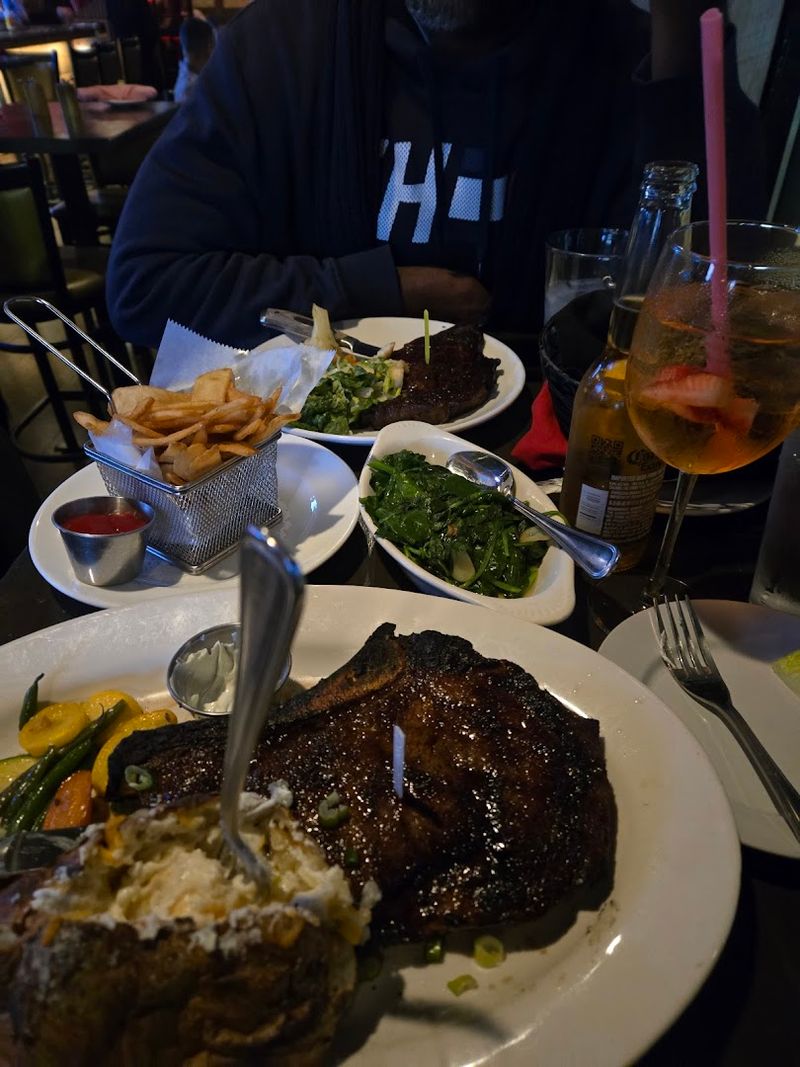 The kind of atmosphere that works for date night or a big family dinner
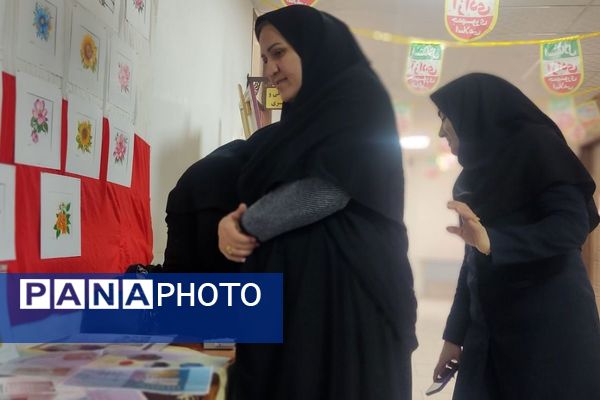 آماده‌سازی آثار هنرجویان در نمایشگاه دهه فجر رباط‌کریم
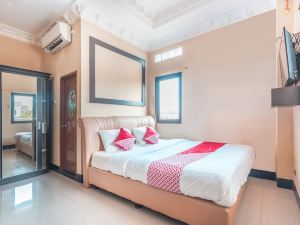 Super OYO 1640 Fallinda Hotel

****************

* **Directions for this task**: Drop every picture from the data, then output all the rest exactly.

* **Problem solution**:
 The kind of atmosphere that works for date night or a big family dinner
 آماده‌سازی آثار هنرجویان در نمایشگاه دهه فجر رباط‌کریم
 Super OYO 1640 Fallinda Hotel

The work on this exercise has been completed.